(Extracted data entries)
BEGIN

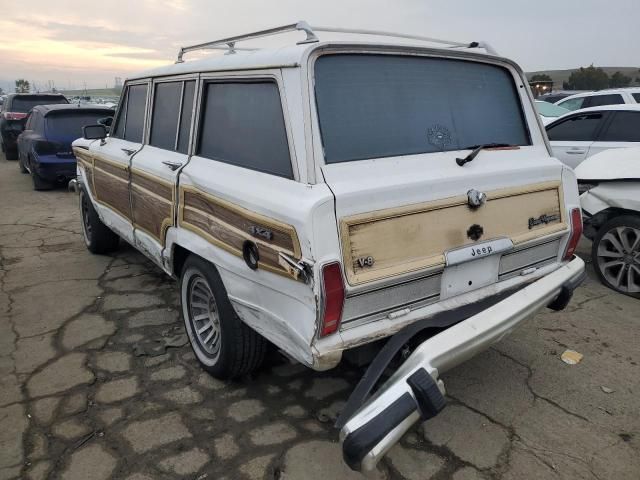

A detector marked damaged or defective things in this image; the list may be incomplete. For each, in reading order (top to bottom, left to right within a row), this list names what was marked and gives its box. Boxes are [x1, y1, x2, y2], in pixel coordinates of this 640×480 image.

cracked pavement [0, 155, 636, 480]
damaged vehicle [70, 23, 584, 472]
detached bumper piece [344, 370, 444, 470]
detached bumper piece [340, 256, 584, 470]
damaged vehicle [576, 146, 636, 296]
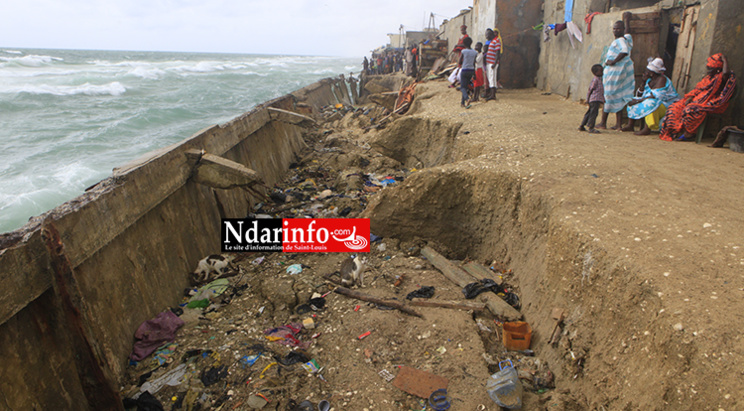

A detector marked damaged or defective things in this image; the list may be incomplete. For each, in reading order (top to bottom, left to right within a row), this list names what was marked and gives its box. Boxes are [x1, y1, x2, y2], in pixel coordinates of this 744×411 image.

broken concrete wall [0, 76, 354, 408]
broken stick [332, 286, 424, 318]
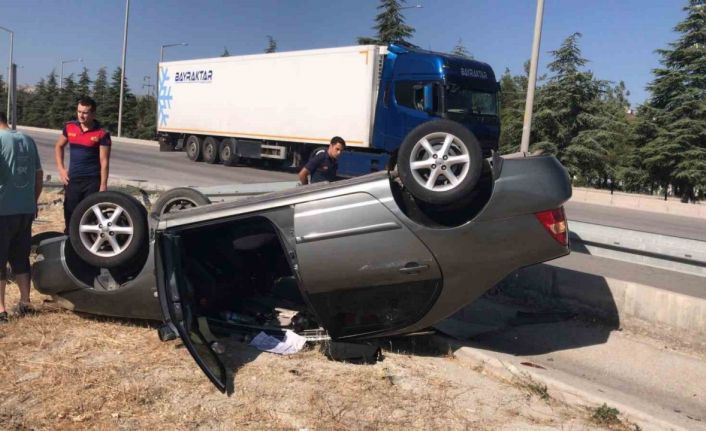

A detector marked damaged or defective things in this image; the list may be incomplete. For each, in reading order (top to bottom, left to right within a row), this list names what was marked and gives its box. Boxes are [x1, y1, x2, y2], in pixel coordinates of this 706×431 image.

overturned silver car [34, 154, 572, 394]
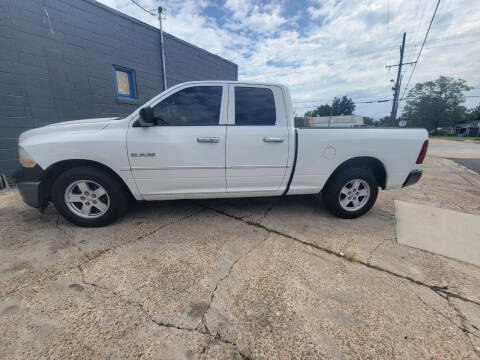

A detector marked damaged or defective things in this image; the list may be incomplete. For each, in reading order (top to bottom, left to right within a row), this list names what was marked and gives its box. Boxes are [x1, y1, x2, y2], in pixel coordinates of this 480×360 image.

cracked asphalt pavement [0, 154, 480, 358]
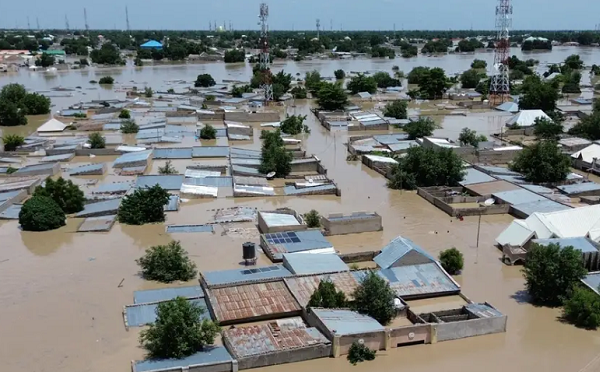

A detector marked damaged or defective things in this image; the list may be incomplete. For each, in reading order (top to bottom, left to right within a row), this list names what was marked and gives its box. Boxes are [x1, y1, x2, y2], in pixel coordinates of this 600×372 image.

rusty metal roof [209, 282, 300, 322]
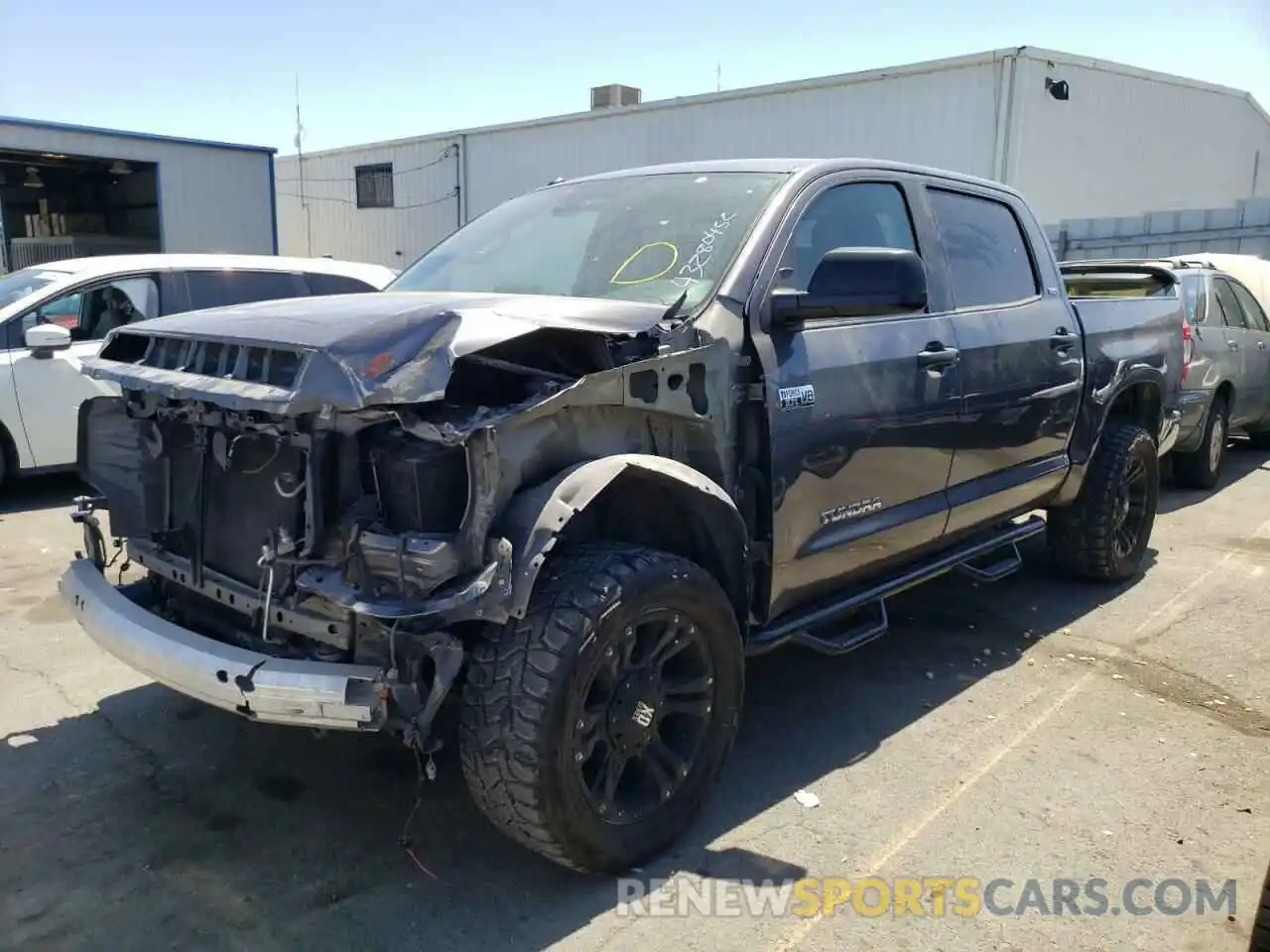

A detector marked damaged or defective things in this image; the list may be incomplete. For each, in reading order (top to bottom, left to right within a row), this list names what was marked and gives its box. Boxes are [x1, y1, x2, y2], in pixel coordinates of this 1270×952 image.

crumpled hood [80, 287, 670, 414]
damaged gray pickup truck [64, 160, 1183, 878]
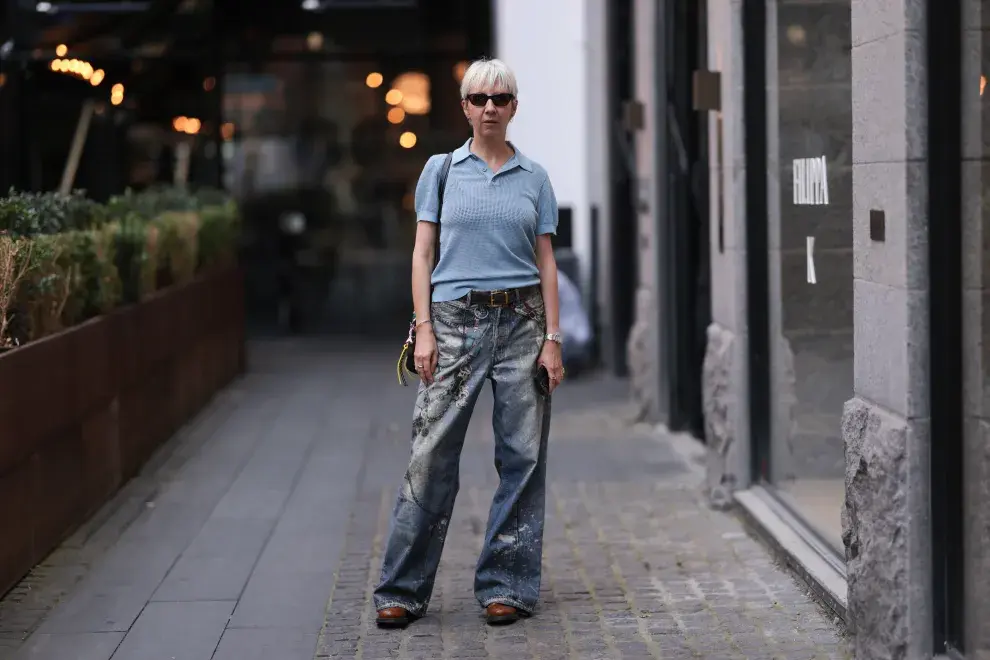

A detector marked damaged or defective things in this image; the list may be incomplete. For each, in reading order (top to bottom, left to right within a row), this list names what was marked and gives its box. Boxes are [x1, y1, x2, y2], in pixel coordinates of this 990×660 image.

rusty metal planter [0, 266, 245, 600]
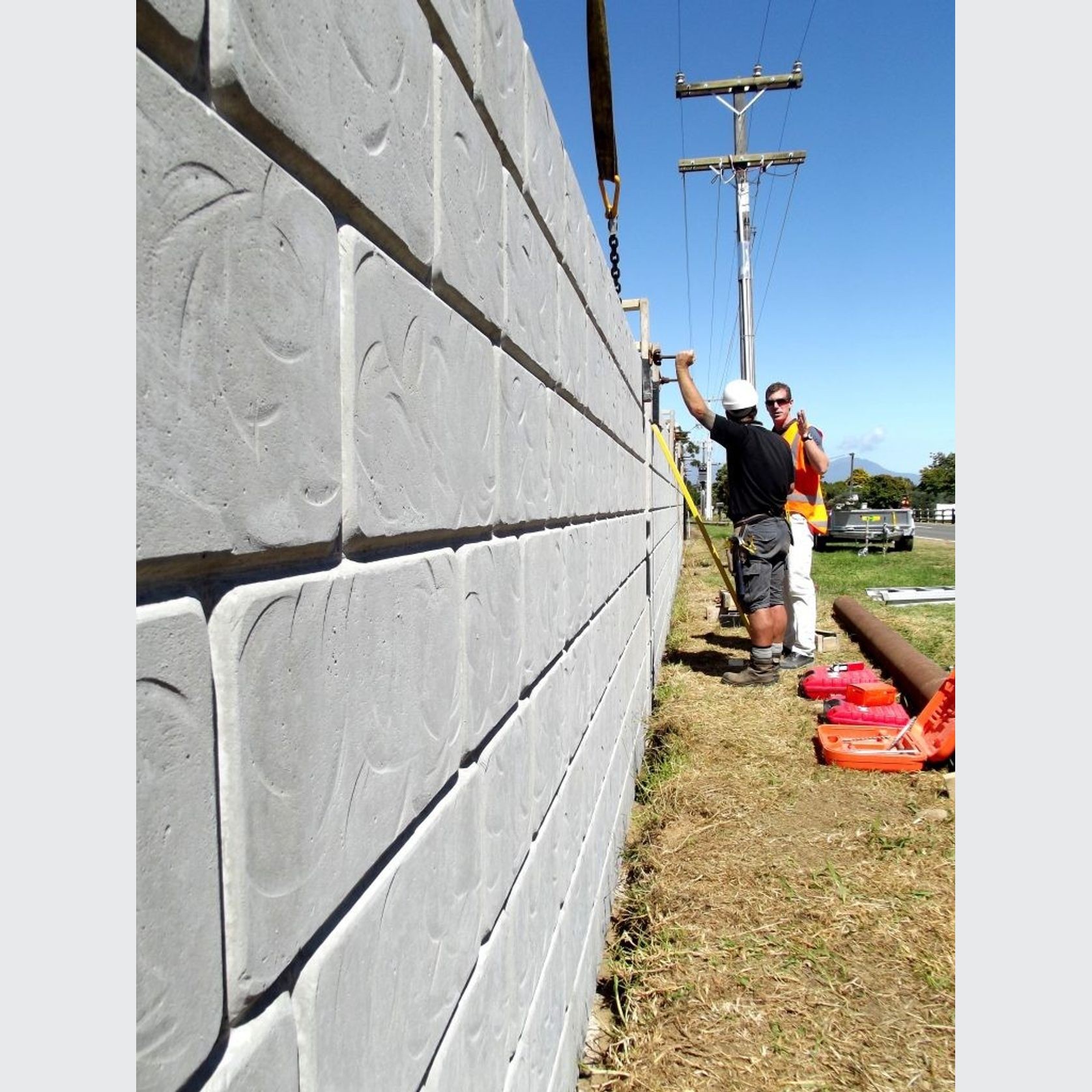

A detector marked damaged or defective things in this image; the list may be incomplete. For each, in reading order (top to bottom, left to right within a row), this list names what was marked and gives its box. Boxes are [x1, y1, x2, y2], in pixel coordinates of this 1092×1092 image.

rusty steel pipe [829, 598, 952, 716]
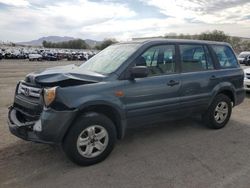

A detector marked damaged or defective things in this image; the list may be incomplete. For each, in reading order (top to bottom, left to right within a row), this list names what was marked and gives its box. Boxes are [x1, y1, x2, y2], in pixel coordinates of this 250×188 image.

damaged front bumper [8, 106, 77, 144]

END

Set down the data above verbatim, omitting every image.

> [SOLUTION TO THE EXERCISE]:
A detector marked damaged or defective things in this image; the list may be incomplete. For each, in reading order (top to bottom, left to right within a row), this list names what was marked and gives its box. Boxes are [x1, y1, x2, y2], in pixel coordinates of this 640×480 image.

cracked pavement [0, 155, 636, 480]
damaged vehicle [70, 23, 584, 472]
detached bumper piece [344, 370, 444, 470]
detached bumper piece [340, 256, 584, 470]
damaged vehicle [576, 146, 636, 296]

A detector marked damaged or defective things in this image; the list may be incomplete. For each, in reading order (top to bottom, left to right within a row), this list names what was marked and gives its box. Boxes are [x1, y1, x2, y2], in pixel coordinates of this 744×411 image.

broken concrete wall [0, 76, 354, 408]
broken stick [332, 286, 424, 318]

A detector marked damaged or defective things in this image; the list may be incomplete. For each, in reading order (top to bottom, left to right within a row), this list names what was marked and gives its box. Boxes are [x1, y1, x2, y2], in pixel coordinates of this 706×431 image.

overturned silver car [34, 154, 572, 394]

A detector marked damaged or defective things in this image; the list may be incomplete. For each, in reading order (top to bottom, left to right within a row), this list names what was marked and gives its box. Boxes are [x1, y1, x2, y2], in pixel coordinates of this 480×360 image.

cracked asphalt pavement [0, 154, 480, 358]

A detector marked damaged or defective things in this image; the list may be incomplete. For each, in reading order (top to bottom, left to right within a row), this list names what was marked and gives its box. Boxes are [x1, y1, x2, y2], in pixel coordinates of this 600×372 image.

rusty metal roof [209, 282, 300, 322]

A detector marked damaged or defective things in this image; the list may be incomplete. For each, in reading order (top to bottom, left to right within a row), this list names what was marked and gives its box. Boxes are [x1, y1, x2, y2], in pixel coordinates of this 1270×952 image.

crumpled hood [80, 287, 670, 414]
damaged gray pickup truck [64, 160, 1183, 878]

A detector marked damaged or defective things in this image; the list may be incomplete. For each, in reading order (top to bottom, left to right within a row), this list names what was marked and gives its box. Boxes are [x1, y1, x2, y2], in pixel coordinates of this 990×660 image.

rusty metal planter [0, 266, 245, 600]

A detector marked damaged or defective things in this image; the list may be incomplete. For each, in reading order (top to bottom, left to right within a row), this list names what was marked and gives its box. Boxes are [x1, y1, x2, y2], in pixel coordinates of this 1092×1092 image.

rusty steel pipe [829, 598, 952, 716]

A detector marked damaged or defective things in this image; the list may be incomplete. For each, in reading order (top to bottom, left to right within a row), this list names what was marked and gives its box. Boxes are [x1, y1, x2, y2], in pixel coordinates of this 250×188 image.

damaged front bumper [8, 106, 77, 144]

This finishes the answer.